Segment Open

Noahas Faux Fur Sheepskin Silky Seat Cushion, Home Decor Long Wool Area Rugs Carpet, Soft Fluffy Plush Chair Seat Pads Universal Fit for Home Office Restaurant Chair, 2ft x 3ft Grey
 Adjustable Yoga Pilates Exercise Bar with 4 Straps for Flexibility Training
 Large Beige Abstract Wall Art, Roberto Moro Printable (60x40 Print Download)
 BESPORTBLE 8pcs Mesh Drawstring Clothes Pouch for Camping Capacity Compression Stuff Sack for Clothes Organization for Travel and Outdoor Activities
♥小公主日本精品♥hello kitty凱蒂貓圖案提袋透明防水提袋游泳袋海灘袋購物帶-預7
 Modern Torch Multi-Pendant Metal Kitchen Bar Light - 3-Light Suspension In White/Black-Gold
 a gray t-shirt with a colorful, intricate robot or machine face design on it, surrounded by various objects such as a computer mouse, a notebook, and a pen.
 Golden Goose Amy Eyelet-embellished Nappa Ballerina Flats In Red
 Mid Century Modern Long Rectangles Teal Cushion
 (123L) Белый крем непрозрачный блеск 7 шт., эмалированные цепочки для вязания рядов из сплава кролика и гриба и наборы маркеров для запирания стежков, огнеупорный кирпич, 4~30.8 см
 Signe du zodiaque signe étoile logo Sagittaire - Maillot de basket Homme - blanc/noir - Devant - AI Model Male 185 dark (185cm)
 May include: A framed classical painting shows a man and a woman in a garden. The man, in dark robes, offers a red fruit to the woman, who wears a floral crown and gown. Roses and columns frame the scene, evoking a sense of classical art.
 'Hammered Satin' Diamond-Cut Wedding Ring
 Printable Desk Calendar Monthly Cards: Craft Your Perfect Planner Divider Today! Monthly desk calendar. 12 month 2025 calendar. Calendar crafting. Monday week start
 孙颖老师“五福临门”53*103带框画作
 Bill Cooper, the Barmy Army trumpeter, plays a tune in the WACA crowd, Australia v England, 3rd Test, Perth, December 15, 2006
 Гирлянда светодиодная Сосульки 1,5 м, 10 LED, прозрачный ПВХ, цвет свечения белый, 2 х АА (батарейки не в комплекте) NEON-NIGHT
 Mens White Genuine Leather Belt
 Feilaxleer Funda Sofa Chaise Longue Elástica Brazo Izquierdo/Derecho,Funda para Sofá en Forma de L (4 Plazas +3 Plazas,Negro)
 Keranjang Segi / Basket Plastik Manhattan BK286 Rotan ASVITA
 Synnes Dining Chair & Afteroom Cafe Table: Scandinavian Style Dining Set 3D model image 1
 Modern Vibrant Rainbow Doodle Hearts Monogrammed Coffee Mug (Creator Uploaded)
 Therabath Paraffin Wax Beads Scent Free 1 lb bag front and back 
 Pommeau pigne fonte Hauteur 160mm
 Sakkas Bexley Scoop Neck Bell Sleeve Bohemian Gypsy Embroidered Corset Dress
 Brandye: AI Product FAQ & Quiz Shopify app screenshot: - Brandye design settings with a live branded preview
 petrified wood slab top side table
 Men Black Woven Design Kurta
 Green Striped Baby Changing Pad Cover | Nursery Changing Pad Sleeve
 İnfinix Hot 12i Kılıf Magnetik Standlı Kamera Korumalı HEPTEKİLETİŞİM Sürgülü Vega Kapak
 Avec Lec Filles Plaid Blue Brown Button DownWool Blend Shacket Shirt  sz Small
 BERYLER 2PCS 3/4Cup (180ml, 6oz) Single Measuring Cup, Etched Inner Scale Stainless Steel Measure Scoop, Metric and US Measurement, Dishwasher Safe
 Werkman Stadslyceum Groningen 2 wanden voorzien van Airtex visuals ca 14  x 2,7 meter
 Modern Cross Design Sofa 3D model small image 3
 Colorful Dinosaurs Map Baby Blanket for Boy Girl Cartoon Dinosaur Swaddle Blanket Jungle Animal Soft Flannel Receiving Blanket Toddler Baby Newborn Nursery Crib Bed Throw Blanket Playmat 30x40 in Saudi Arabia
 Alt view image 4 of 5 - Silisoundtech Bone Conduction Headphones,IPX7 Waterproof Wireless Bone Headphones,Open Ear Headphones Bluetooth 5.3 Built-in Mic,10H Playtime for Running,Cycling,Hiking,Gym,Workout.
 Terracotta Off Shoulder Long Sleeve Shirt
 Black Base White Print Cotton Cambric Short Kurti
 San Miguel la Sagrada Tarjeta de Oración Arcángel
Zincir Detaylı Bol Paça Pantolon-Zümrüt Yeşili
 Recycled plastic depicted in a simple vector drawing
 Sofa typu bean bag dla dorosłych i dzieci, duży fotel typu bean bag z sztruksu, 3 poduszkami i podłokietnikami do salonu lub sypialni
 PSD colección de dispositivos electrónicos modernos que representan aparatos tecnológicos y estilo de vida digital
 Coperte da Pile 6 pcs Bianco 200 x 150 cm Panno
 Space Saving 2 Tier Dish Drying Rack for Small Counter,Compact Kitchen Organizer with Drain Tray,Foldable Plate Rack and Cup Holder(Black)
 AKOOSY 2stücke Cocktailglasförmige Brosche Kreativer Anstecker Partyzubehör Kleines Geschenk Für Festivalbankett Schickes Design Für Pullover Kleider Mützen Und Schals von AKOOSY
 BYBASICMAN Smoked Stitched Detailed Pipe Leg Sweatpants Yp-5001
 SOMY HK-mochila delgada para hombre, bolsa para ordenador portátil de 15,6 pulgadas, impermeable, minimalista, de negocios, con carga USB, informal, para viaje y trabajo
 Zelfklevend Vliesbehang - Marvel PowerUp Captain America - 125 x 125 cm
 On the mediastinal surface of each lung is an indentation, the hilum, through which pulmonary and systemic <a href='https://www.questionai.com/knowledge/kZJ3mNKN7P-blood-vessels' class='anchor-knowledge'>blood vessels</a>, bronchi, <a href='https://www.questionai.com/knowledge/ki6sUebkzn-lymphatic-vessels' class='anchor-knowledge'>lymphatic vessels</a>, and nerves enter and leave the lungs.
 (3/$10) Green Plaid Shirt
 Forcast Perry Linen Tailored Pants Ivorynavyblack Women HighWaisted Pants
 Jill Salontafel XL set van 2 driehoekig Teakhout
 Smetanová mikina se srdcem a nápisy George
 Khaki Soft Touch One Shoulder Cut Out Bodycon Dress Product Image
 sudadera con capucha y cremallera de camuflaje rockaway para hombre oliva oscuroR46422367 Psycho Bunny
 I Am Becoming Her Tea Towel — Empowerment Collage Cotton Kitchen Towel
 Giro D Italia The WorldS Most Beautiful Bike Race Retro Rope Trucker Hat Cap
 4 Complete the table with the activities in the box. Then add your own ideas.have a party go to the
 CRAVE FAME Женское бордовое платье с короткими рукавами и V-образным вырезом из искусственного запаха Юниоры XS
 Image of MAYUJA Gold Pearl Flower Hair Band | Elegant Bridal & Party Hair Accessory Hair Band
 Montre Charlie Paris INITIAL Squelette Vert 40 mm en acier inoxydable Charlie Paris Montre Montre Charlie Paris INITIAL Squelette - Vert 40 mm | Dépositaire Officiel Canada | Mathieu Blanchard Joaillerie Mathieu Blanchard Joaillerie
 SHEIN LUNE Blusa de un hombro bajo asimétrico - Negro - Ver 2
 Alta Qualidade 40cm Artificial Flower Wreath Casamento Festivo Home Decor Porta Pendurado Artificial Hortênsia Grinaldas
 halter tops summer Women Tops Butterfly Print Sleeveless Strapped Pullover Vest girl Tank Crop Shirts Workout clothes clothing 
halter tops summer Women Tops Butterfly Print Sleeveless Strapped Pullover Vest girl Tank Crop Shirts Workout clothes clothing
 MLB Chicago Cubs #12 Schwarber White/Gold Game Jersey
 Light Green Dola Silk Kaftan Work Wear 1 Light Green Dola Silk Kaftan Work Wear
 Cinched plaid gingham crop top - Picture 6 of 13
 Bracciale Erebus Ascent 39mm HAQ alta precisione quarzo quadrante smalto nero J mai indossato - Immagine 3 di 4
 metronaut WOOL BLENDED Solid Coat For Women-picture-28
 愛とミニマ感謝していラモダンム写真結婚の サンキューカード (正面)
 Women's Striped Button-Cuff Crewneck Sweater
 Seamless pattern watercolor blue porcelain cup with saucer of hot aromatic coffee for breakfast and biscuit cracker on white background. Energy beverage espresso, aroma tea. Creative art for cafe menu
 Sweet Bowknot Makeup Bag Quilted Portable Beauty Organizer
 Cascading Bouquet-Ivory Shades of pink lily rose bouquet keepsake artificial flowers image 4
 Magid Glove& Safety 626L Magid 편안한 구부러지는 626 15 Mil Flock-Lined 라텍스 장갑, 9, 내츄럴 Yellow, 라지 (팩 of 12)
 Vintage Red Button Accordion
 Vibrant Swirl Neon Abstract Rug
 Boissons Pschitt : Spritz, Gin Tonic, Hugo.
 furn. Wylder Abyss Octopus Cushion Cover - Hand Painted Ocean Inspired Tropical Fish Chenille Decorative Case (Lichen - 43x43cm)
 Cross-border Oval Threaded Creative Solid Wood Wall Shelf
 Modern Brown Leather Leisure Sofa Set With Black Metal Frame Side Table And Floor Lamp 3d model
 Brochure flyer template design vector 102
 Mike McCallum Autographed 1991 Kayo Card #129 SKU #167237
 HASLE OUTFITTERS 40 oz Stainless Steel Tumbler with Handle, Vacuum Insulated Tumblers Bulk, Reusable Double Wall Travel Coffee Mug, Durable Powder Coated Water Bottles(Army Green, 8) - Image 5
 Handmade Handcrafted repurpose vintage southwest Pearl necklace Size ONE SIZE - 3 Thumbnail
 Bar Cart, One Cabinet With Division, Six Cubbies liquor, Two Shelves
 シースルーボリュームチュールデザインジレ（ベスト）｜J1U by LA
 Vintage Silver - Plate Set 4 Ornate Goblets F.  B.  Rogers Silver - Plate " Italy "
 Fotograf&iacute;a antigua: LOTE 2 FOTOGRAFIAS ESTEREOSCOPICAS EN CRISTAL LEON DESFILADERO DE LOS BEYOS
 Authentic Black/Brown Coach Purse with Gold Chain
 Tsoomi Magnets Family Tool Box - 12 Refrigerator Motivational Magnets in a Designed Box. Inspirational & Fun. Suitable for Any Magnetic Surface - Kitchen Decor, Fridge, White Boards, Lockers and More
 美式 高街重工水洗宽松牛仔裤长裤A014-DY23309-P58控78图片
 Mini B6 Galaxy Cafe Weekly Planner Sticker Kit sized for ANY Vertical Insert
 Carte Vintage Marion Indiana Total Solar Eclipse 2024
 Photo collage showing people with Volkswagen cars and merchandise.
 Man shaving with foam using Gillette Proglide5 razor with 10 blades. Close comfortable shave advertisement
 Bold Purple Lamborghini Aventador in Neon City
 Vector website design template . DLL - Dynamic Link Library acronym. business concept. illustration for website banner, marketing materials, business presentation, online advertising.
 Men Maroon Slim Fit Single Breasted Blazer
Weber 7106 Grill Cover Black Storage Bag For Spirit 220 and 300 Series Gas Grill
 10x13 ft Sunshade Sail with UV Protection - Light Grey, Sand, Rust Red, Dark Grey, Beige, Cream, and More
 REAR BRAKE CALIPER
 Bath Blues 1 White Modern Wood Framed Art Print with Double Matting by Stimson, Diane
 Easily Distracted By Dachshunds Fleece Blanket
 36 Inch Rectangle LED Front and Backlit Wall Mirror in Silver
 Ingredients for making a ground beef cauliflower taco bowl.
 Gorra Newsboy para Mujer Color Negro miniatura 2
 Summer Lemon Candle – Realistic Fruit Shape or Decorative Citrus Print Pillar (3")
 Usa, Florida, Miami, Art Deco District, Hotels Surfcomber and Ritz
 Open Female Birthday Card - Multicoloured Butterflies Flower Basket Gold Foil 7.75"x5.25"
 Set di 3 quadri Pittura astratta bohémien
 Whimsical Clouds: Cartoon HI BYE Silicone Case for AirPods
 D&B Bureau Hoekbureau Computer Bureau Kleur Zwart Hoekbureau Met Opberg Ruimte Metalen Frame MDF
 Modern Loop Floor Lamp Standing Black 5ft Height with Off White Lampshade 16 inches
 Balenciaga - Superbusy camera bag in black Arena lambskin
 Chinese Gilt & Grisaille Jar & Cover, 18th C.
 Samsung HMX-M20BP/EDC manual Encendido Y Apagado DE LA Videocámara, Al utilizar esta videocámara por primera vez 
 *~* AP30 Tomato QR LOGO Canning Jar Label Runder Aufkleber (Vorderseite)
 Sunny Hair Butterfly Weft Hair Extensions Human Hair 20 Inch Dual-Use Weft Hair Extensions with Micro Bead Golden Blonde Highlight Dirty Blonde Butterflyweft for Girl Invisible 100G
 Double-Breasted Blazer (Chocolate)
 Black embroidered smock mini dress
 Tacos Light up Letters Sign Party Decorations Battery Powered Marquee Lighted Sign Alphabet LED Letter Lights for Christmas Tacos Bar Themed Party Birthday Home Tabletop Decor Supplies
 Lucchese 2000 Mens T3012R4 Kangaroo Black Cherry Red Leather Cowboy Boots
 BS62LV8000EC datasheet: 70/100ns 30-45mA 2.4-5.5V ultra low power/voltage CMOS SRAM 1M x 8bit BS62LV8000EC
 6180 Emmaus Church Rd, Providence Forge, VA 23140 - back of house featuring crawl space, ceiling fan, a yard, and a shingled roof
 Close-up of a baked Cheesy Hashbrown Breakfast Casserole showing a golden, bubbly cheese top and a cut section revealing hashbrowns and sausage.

Segment Closed

▸ ASSIGNED TASK
Copy back the listing above exactly, but only from the line with "Cross-border Oval Threaded" through the line with "Carte Vintage Marion", both ends included.

▸ TASK RESPONSE
 Cross-border Oval Threaded Creative Solid Wood Wall Shelf
 Modern Brown Leather Leisure Sofa Set With Black Metal Frame Side Table And Floor Lamp 3d model
 Brochure flyer template design vector 102
 Mike McCallum Autographed 1991 Kayo Card #129 SKU #167237
 HASLE OUTFITTERS 40 oz Stainless Steel Tumbler with Handle, Vacuum Insulated Tumblers Bulk, Reusable Double Wall Travel Coffee Mug, Durable Powder Coated Water Bottles(Army Green, 8) - Image 5
 Handmade Handcrafted repurpose vintage southwest Pearl necklace Size ONE SIZE - 3 Thumbnail
 Bar Cart, One Cabinet With Division, Six Cubbies liquor, Two Shelves
 シースルーボリュームチュールデザインジレ（ベスト）｜J1U by LA
 Vintage Silver - Plate Set 4 Ornate Goblets F.  B.  Rogers Silver - Plate " Italy "
 Fotograf&iacute;a antigua: LOTE 2 FOTOGRAFIAS ESTEREOSCOPICAS EN CRISTAL LEON DESFILADERO DE LOS BEYOS
 Authentic Black/Brown Coach Purse with Gold Chain
 Tsoomi Magnets Family Tool Box - 12 Refrigerator Motivational Magnets in a Designed Box. Inspirational & Fun. Suitable for Any Magnetic Surface - Kitchen Decor, Fridge, White Boards, Lockers and More
 美式 高街重工水洗宽松牛仔裤长裤A014-DY23309-P58控78图片
 Mini B6 Galaxy Cafe Weekly Planner Sticker Kit sized for ANY Vertical Insert
 Carte Vintage Marion Indiana Total Solar Eclipse 2024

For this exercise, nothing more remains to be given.